Figure 11.2 - File-locking example in Java.11.1.3 File Types
- Windows ( and some other systems ) use special file extensions to indicate the type of each file:
Figure 11.3 - Common file types.
- Macintosh stores a creator attribute for each file, according to the program that first created it with the create( ) system call.
- UNIX stores magic numbers at the beginning of certain files. ( Experiment with the "file" command, especially in directories such as /bin and /dev )
11.1.4 File Structure
- Some files contain an internal structure, which may or may not be known to the OS.
- For the OS to support particular file formats increases the size and complexity of the OS.
- UNIX treats all files as sequences of bytes, with no further consideration of the internal structure. ( With the exception of executable binary programs, which it must know how to load and find the first executable statement, etc. )
- Macintosh files have two forks - a resource fork, and a data fork. The resource fork contains information relating to the UI, such as icons and button images, and can be modified independently of the data fork, which contains the code or data as appropriate.

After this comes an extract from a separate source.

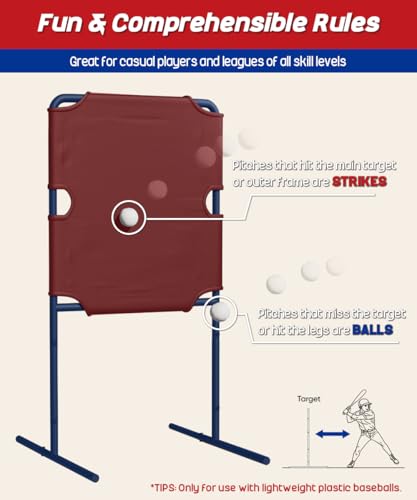 Image of Garbuildman Baseball Strike Zone Target for Plastic Balls, Portable Metal Frame Pitching & Hitting Training Tool for Outdoor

11.1.5 Internal File Structure
- Disk files are accessed in units of physical blocks, typically 512 bytes or some power-of-two multiple thereof. ( Larger physical disks use larger block sizes, to keep the range of block numbers within the range of a 32-bit integer. )
- Internally files are organized in units of logical units, which may be as small as a single byte, or may be a larger size corresponding to some data record or structure size.
- The number of logical units which fit into one physical block determines its packing, and has an impact on the amount of internal fragmentation ( wasted space ) that occurs.
- As a general rule, half a physical block is wasted for each file, and the larger the block sizes the more space is lost to internal fragmentation.
11.2.1 Sequential Access
- A sequential access file emulates magnetic tape operation, and generally supports a few operations:
- read next - read a record and advance the tape to the next position.
- write next - write a record and advance the tape to the next position.
- rewind
- skip n records - May or may not be supported. N may be limited to positive numbers, or may be limited to +/- 1.
Figure 11.4 - Sequential-access file.11.2.2 Direct Access
- Jump to any record and read that record. Operations supported include:
- read n - read record number n. ( Note an argument is now required. )
- write n - write record number n. ( Note an argument is now required. )
- jump to record n - could be 0 or the end of file.
- Query current record - used to return back to this record later.
- Sequential access can be easily emulated using direct access. The inverse is complicated and inefficient.
Figure 11.5 - Simulation of sequential access on a direct-access file.11.2.3 Other Access Methods
- An indexed access scheme can be easily built on top of a direct access system. Very large files may require a multi-tiered indexing scheme, i.e. indexes of indexes.
Figure 11.6 - Example of index and relative files.
11.3.1 Storage Structure
- A disk can be used in its entirety for a file system.
- Alternatively a physical disk can be broken up into multiple partitions, slices, or mini-disks, each of which becomes a virtual disk and can have its own filesystem. ( or be used for raw storage, swap space, etc. )
- Or, multiple physical disks can be combined into one volume, i.e. a larger virtual disk, with its own filesystem spanning the physical disks.
Figure 11.7 - A typical file-system organization.11.3.2 Directory Overview
- Directory operations to be supported include:
- Search for a file
- Create a file - add to the directory
- Delete a file - erase from the directory
- List a directory - possibly ordered in different ways.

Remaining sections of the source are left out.